Doppelganger: Petualangan Detektif Frans

Doppelganger: Petualangan Detektif Frans
Dariku untukmu, Frans!


__ADS_3

“Dalam dunia ini tidak ada yang tidak mungkin, begitu pula dalam dunia detektif. Semuanya bisa saja terjadi. Aku telah banyak membaca cerita dengan genre fiksi detektif seperti kisah Dupin karya dari Edgar Allan Poe yang gaya ceritanya berbalut mistis.

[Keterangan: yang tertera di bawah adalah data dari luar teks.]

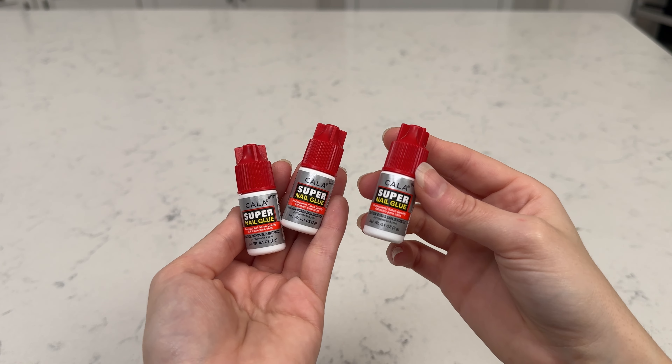I haven't opened these bottles yet, but wow, this stuff is amazing. I've tried all types of nail glue throughout the years and this one is fantastic. It's professional salon quality. Comes in this little bottle here. Each bottle is 0.1 ounces and it works so good. I just tried it with some nails the other day and I was very pleased with the results.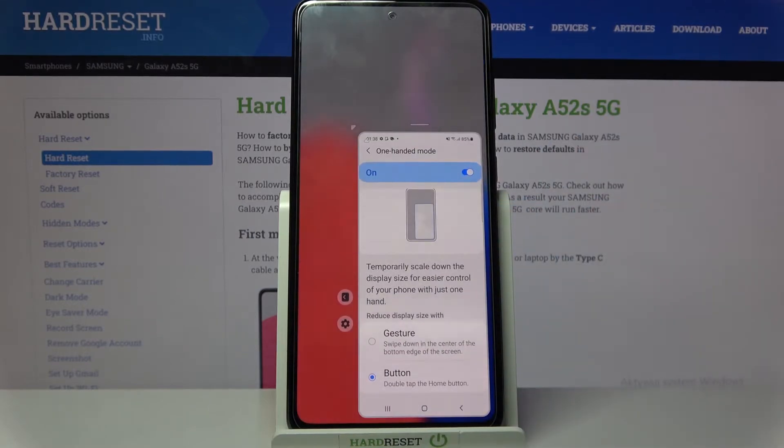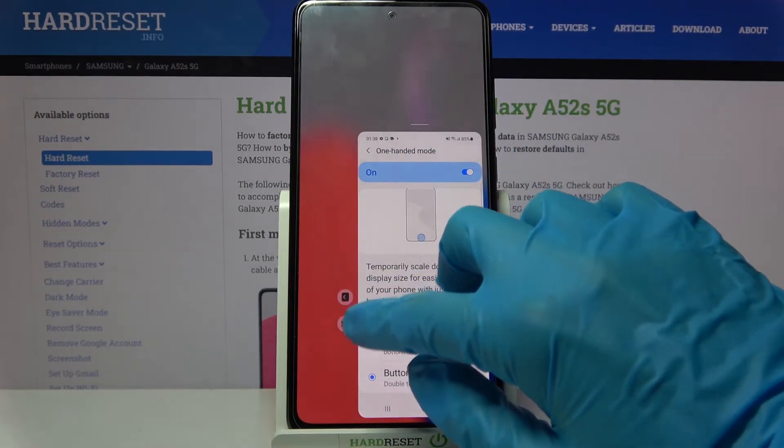Double tap the home button. So when I do that, I can see that one-handed mode is now on. You can change the placement of it by clicking on this icon next to the gear one.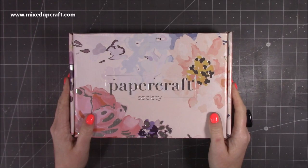Hi everybody, it's Sam at Mixed Up Craft. Thank you for watching my video today. I'm going to be doing an unboxing of kit number seven from Papercraft Society.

Kisah Sherlock Holmes karya Sir Arthur Conan Doyle yang penuh kejadian besar, tak jarang membuatku mengerutkan kening untuk menggali maksud dari kisah yang disajikan. Tidak lupa juga kisah-kisah menakjubkan karya Agatha Cristhie yang begitu melegenda. Sukses membuatku menghabiskan lembar demi lembar karyanya.”


“Benar, Frans. Cerita misteri yang bagus menurutku adalah cerita yang dapat membuat pembaca berpikir bahkan menebak-nebak hingga membuat spekulasi sendiri. Pada dasarnya misteri harus menimbulkan pertanyaan. Aku merasa senang kalau ada dari pembaca yang membaca tulisanku membuat kesimpulan sendiri. Aku tidak merasa tersaingi atau dia ingin mendahului cerita yang aku buat, itu menurutku. Karena itulah kisah detektif selalu punya tempat sendiri di hati penggemarnya. Karya-karya detektif yang ditulis oleh penulis-penulis Indonesia juga tak kalah hebat. Sama halnya ketika dulu aku suka sekali menonton Detective Conan serta mengikuti manga atau komiknya. Saat sudah menginjak usia remaja, aku benar-benar menelusuri kisah-kisah lahirnya tokoh bernama Edogawa Conan tersebut.”


“Menelusuri? Bisa kau jelaskan?” Frans mengunyah rotinya sambil memandangiku.


“Aku sempat membeli karya dari Edogawa Rampo yang berjudul Cermin Neraka serta menuntaskan semua karya Sir Arthur Conan Doyle. Ternyata Aoyama Ghoso sang mangaka dari Detective Conan menciptakan karakter Conan dari gabungan dua nama penulis legendaris tersebut. Tokoh Edogawa Conan diambil dari nama penulis besar tersebut, Edogawa Rampo atau sering dijuluki Bapak Cerita Misteri Jepang dan Sir Arthur Conan Doyle penulis Sherlock Holmes. Aoyama Ghoso menggabungkan nama dua penulis besar tersebut sehingga lahir menjadi karakternya yang bernama Edogawa Conan atau sering disebut Meitantei Conan (Detective Conan).”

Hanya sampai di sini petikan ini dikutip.